Alexander mengungkapkan, para tersangka telah merugikan negara Rp 127,5 miliar. Secara pribadi, Ivo, Roni, dan Richard telah menikmati sekitar Rp 18,8 miliar dari dugaan korupsi ini.
Sesuai dengan kebutuhan proses penyidikan, tim penyidik menahan tersangka IW (Ivo), RR (Roni), dan RC (Richard) untuk masing-masing selama 20 hari pertama, terhitung 23 Agustus 2023 sampai dengan 11 September 2023, di rumah tahanan KPK.
Ia menjelaskan, sekitar Agustus 2020, Kementerian Sosial (Kemensos) mengirimkan surat kepada PT Bhanda Ghara Reksa untuk audiensi penyusunan rencana anggaran kegiatan penyaluran bantuan sosial (bansos) beras di Kemensos. Dalam audiensi itu, PT Bhanda Ghara Reksa diwakili Budi Susanto. Budi pun mempresentasikan kesiapan perusahaannya mendistribusikan bansos beras ke 19 provinsi di Indonesia.
Budi memerintahkan April Churniawan mencari rekanan yang akan dijadikan konsultan pendamping. Mendengar informasi kebutuhan rekanan tersebut, Ivo dan Roni memasukkan penawaran harga menggunakan PT Damon Indonesia Berkah (Persero).
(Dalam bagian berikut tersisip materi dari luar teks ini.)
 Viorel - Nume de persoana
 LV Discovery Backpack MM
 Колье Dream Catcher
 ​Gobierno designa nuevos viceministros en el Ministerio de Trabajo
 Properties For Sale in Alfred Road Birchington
Sebagai persiapan, Budi memerintahkan April Churniawan mencari rekanan yang akan dijadikan konsultan pendamping. Mendengar informasi kebutuhan rekanan tersebut, Ivo dan Roni memasukkan penawaran harga menggunakan PT Damon Indonesia Berkah (Persero). Penawaran itu disetujui Budi, yang berlanjut pada kesepakatan harga dan pekerjaan untuk pendampingan distribusi bansos beras.
Dampak Covid-19
Kemensos memilih PT Bhanda Ghara Reksa sebagai distributor bansos beras dan berlanjut dengan penandatanganan surat perjanjian pelaksanaan pekerjaan penyaluran bansos beras untuk keluarga penerima manfaat (KPM) dan Program Keluarga Harapan (PKH). Program ini ditujukan untuk penanganan dampak Covid-19. Nilai kontrak dari program ini Rp 326 miliar.
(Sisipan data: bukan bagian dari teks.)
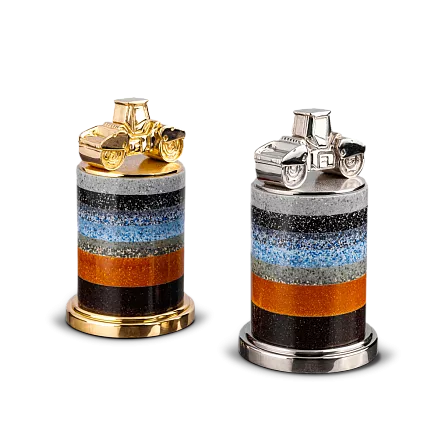 Сувенир «Каток» МП-26200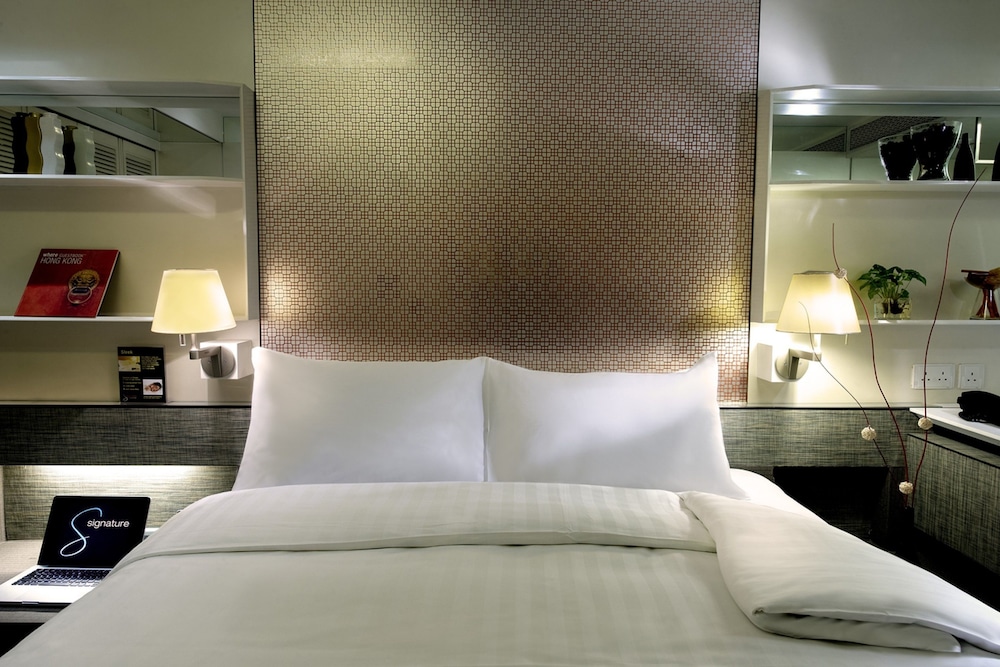 Charterhouse Causeway Bay Hotel 24/50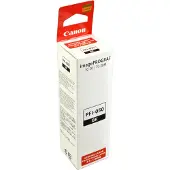 Canon PFI-050 Bläckpatron svart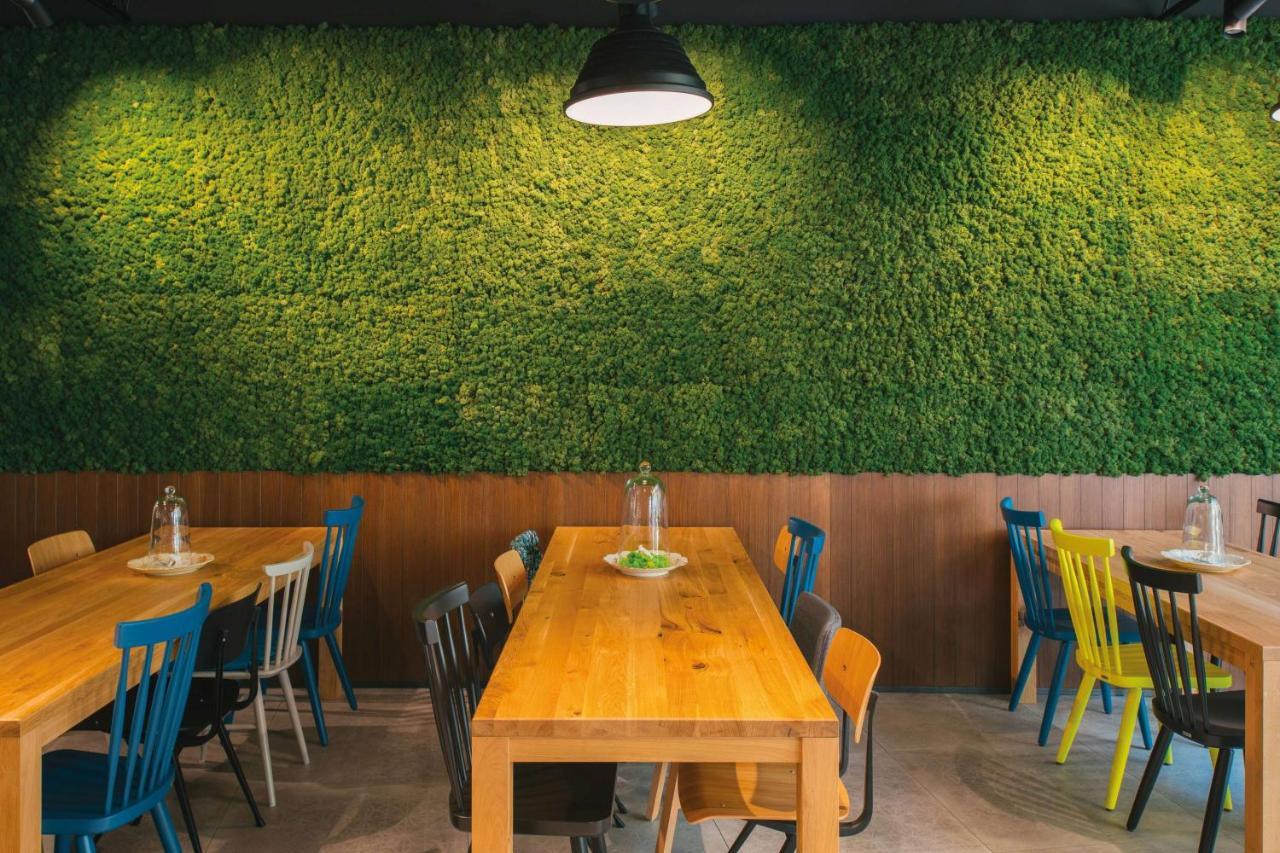 Hotel Vienna House Easy By Wyndham Lipsia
Agar realisasi distribusi bansos beras dapat segera dilakukan, atas sepengetahuan Kuncoro dan Budi, April secara sepihak menunjuk PT Primalayan Teknologi Persada milik Richard, yang belum memiliki dokumen legalitas pendirian perusahaan, tanpa didahului proses seleksi untuk menggantikan PT Damon Indonesia Berkah. Pengaturan itu diketahui oleh keenam tersangka.
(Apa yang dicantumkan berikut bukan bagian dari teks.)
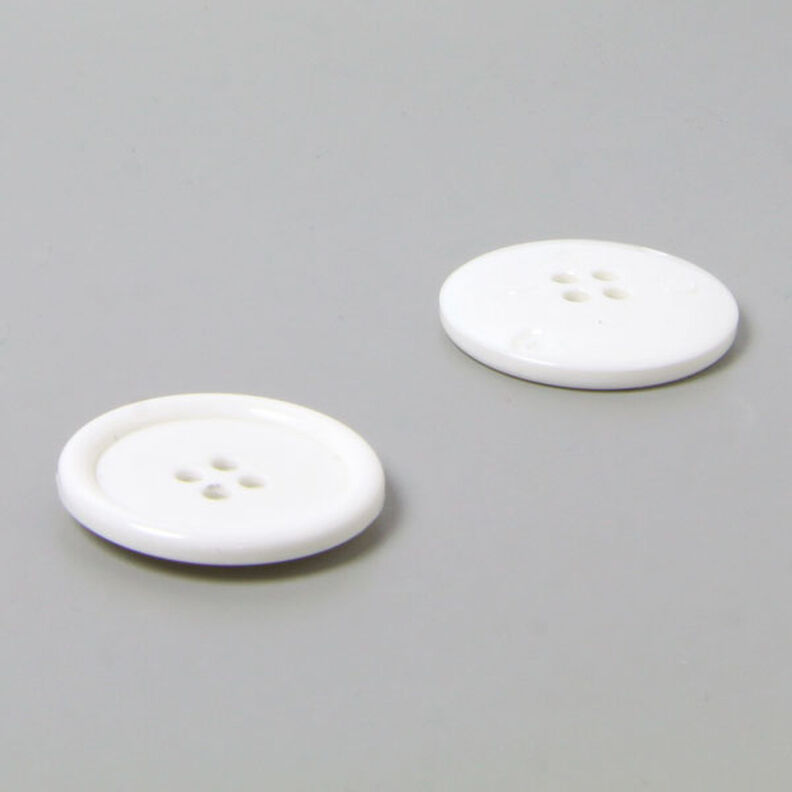 Bouton en plastique, Lemgo 12,  image number 2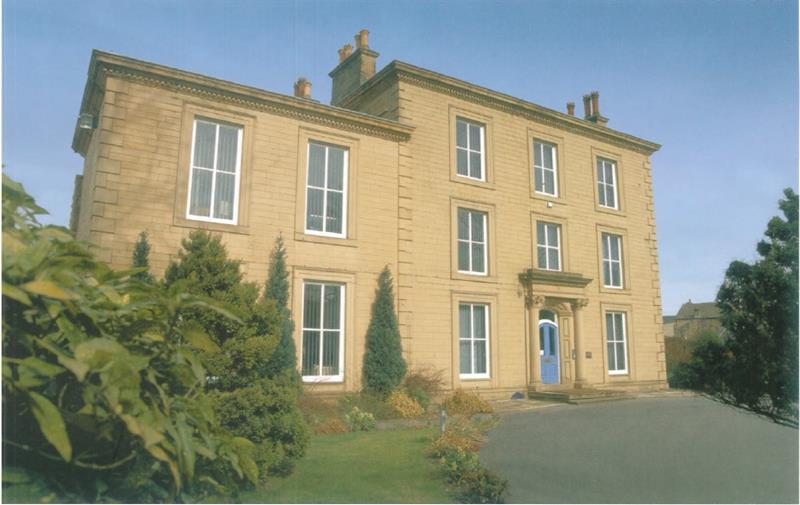 Leigh House Varley Street, Pudsey, West Yorkshire, LS28 6AN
”Dalam penyusunan kontrak konsultan pendamping antara PT BGR (Bhanda Ghara Reksa) dan PT PTP (Primalayan Teknologi Persada) tidak dilakukan kajian dan perhitungan yang jelas dan sepenuhnya ditentukan secara sepihak oleh MKW (Muhammad Kuncoro Wibowo), ditambah dengan tanggal kontrak juga disepakati untuk dibuat mundur (backdate),” kata Alexander.
Atas ide Ivo, Roni, dan Richard, PT Primalayan Teknologi Persada membuat satu konsorsium sebagai formalitas dan tidak pernah mendistribusikan bansos beras.
Pada periode September-Desember 2020, Roni menagih pembayaran uang muka dan uang termin jasa pekerjaan konsultan ke PT Bhanda Ghara Reksa dan telah dibayarkan sejumlah Rp 151 miliar yang dikirimkan ke rekening bank atas nama PT Primalayan Teknologi Persada.
Alexander menyebutkan, terdapat rekayasa beberapa dokumen lelang dari PT Primalayan Teknologi Persada dengan kembali mencantumkan backdate. Pada periode Oktober 2020-Januari 2021 terdapat penarikan uang Rp 125 miliar dari rekening PT Primalayan Teknologi Persada yang penggunaannya tidak terkait dengan distribusi bansos beras.
Setelah konferensi pers, ketiga tersangka enggan memberikan pernyataan kepada wartawan.